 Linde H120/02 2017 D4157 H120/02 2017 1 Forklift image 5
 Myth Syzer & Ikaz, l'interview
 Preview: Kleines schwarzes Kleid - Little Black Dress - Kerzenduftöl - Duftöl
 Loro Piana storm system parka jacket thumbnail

_ _ _ _

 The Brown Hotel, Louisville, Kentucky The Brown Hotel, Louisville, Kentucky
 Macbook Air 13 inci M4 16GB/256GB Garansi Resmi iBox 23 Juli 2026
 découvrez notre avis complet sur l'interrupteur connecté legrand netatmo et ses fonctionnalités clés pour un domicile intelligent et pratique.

_ _ _ _

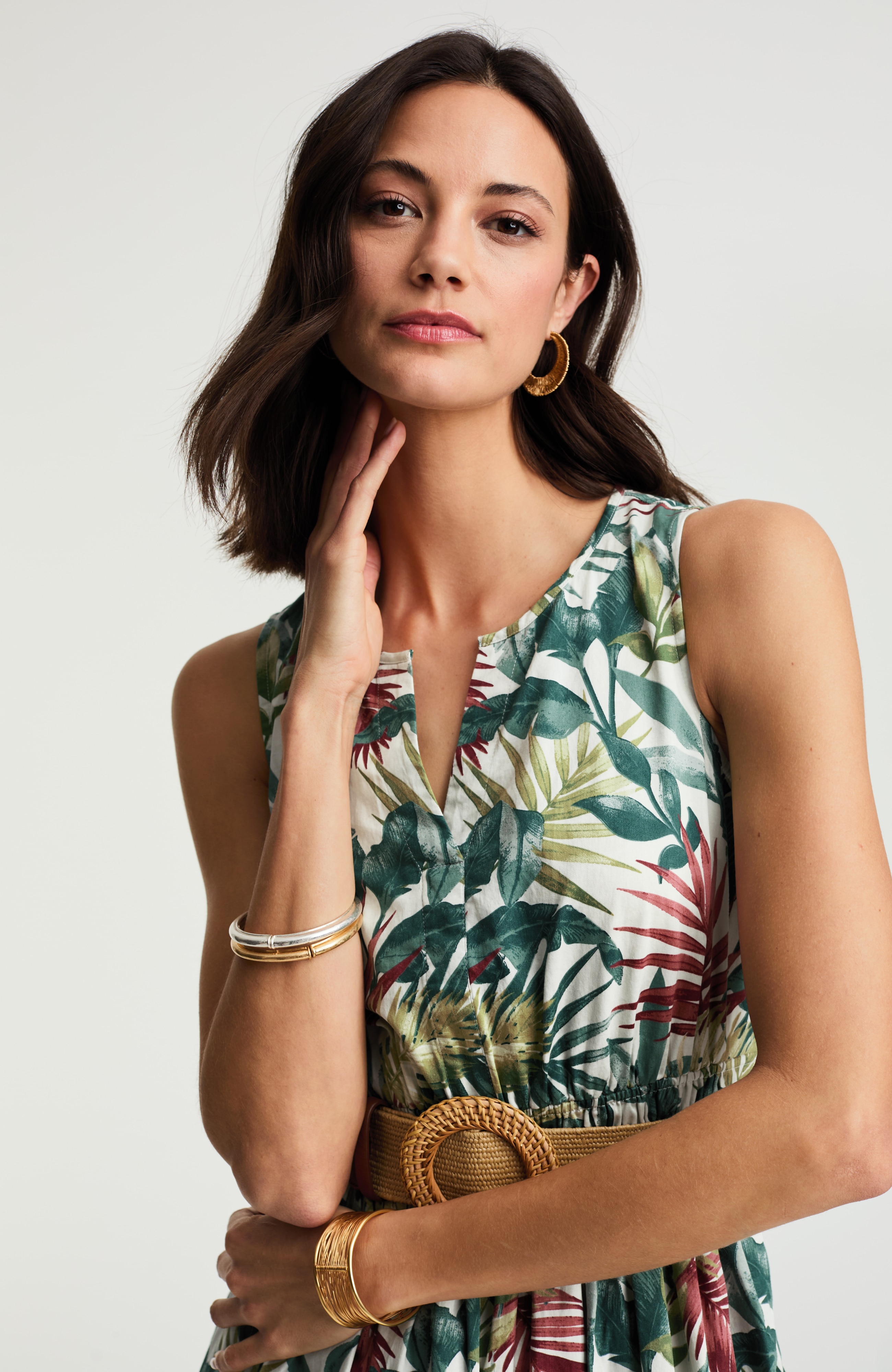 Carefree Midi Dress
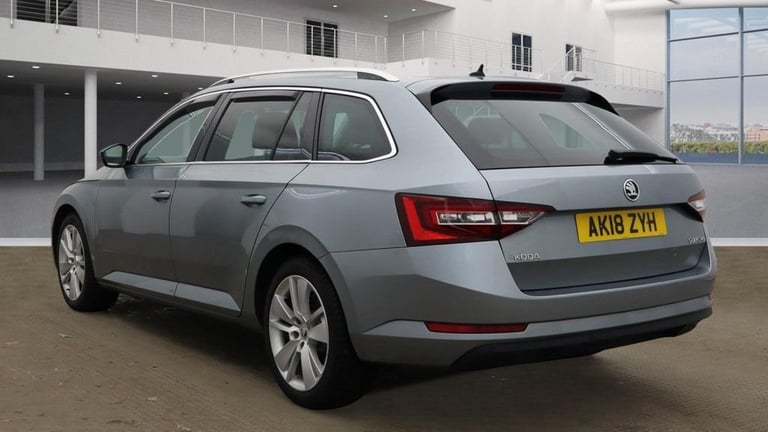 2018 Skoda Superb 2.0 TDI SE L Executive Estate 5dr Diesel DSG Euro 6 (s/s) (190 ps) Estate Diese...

_ _ _ _

- [EXERCISE INSTRUCTIONS]: Among the entries above, locate the lines containing "Linde H120/02 2017" and "Loro Piana storm", and transcribe exactly those two lines and all lines between.

- [RESULT OF THE TASK]:
 Linde H120/02 2017 D4157 H120/02 2017 1 Forklift image 5
 Myth Syzer & Ikaz, l'interview
 Preview: Kleines schwarzes Kleid - Little Black Dress - Kerzenduftöl - Duftöl
 Loro Piana storm system parka jacket thumbnail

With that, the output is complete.